## Data for the task
※

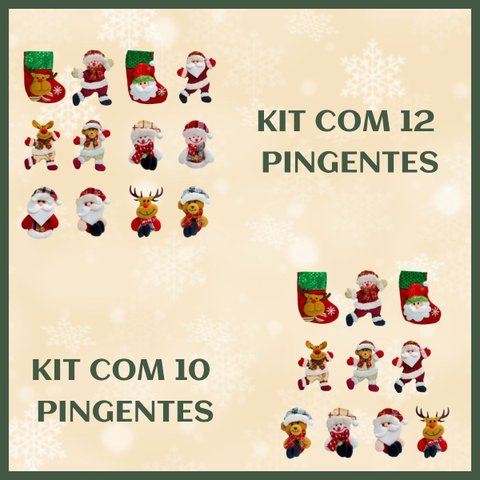 Kit 12 Pendentes Enfeite Árvore Natal Papai Noel Decoração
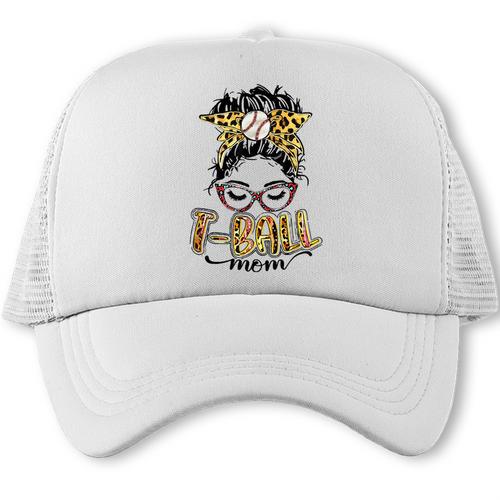 T Ball Mom Messy Bun Leopard Baseball Mom Leopard Trucker Cap - Sportilla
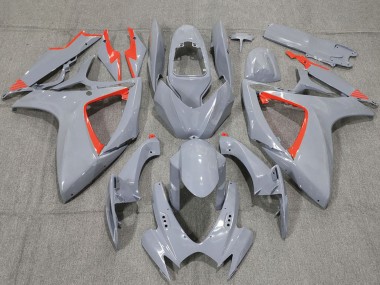Suzuki GSXR 600 / GSXR 750 Motorrad Verkleidung 2006-2007 - Nardo Grau und Rotmen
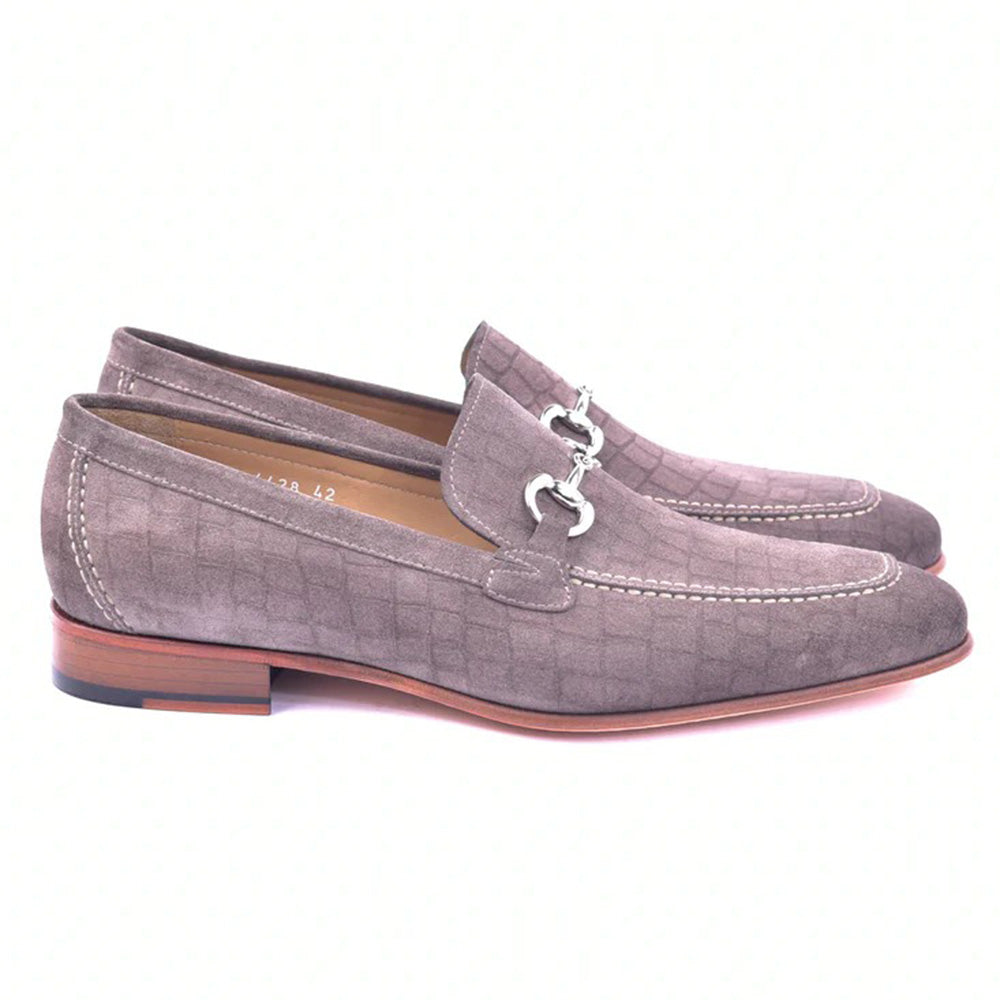 Corrente C11104-4428 Crocodile Printed Suede Loafers Vizon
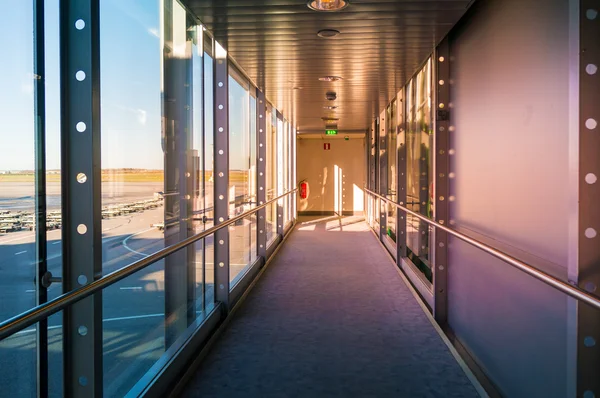 Hallway in Building with glass — Stock Photo, Image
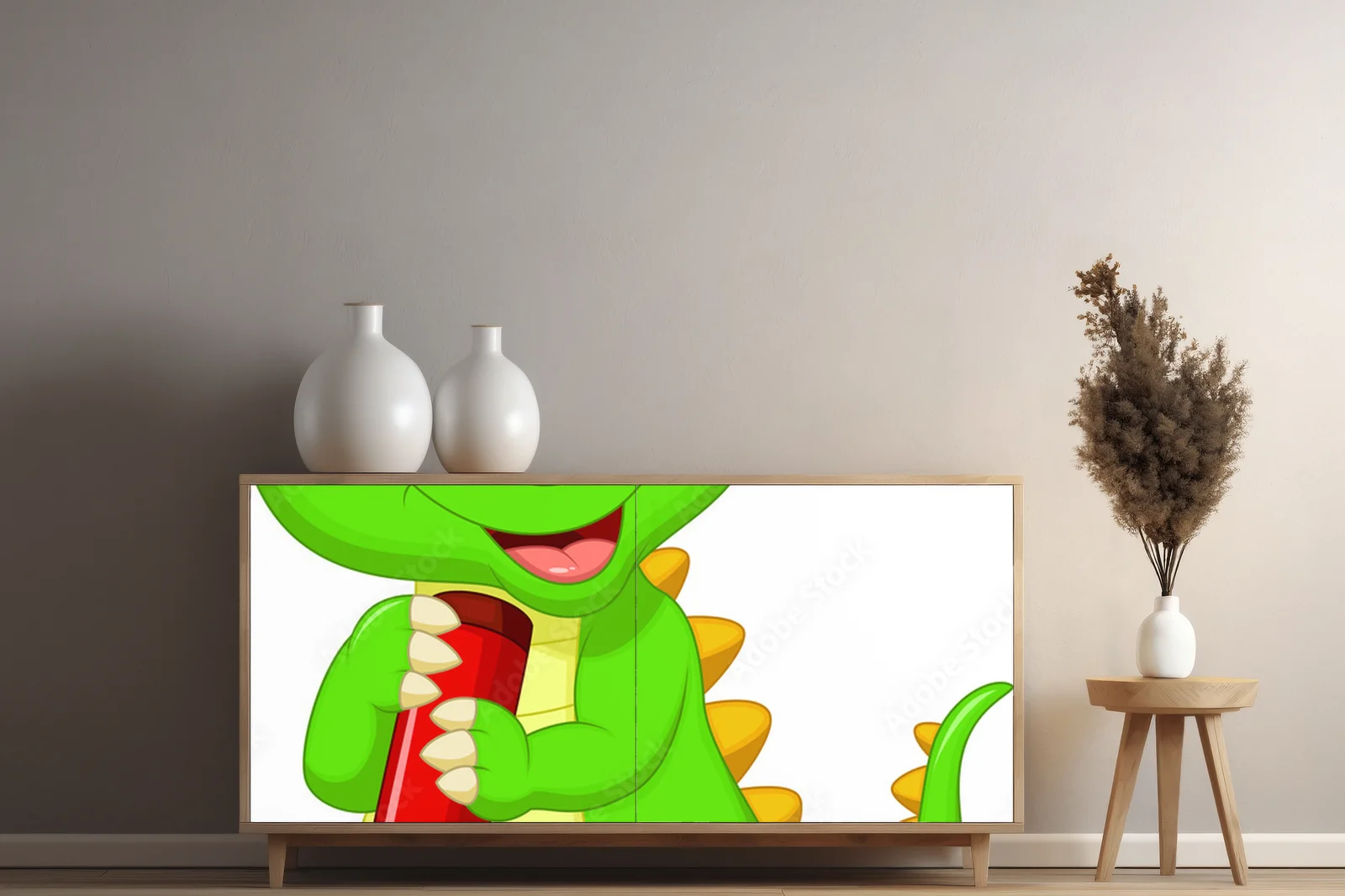 Uroczy dinozaur z czerwonym ołówkiem w radosnym stylu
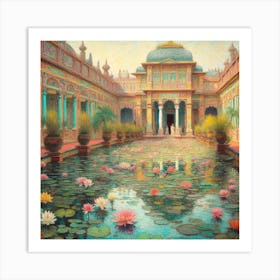 Water Lilies In The Palace Art Print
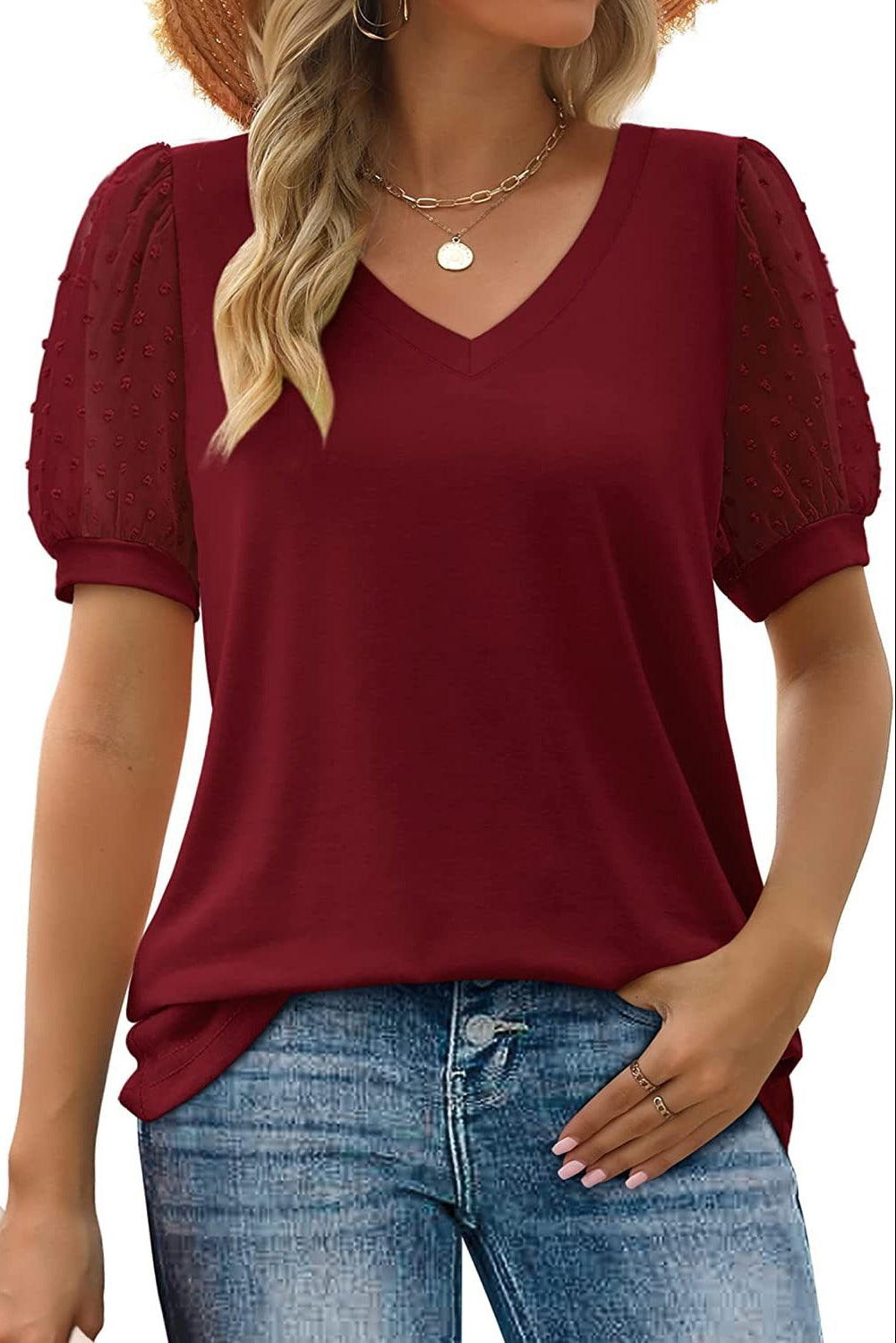 Women’s Cotton Top with Swiss Dot Puff Sleeves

※

## Your instructions
Copy the data exactly. Any picture it contains is to be omitted.

## Answer space
 Kit 12 Pendentes Enfeite Árvore Natal Papai Noel Decoração
 T Ball Mom Messy Bun Leopard Baseball Mom Leopard Trucker Cap - Sportilla
Suzuki GSXR 600 / GSXR 750 Motorrad Verkleidung 2006-2007 - Nardo Grau und Rotmen
 Corrente C11104-4428 Crocodile Printed Suede Loafers Vizon
 Hallway in Building with glass — Stock Photo, Image
 Uroczy dinozaur z czerwonym ołówkiem w radosnym stylu
 Water Lilies In The Palace Art Print
 Women’s Cotton Top with Swiss Dot Puff Sleeves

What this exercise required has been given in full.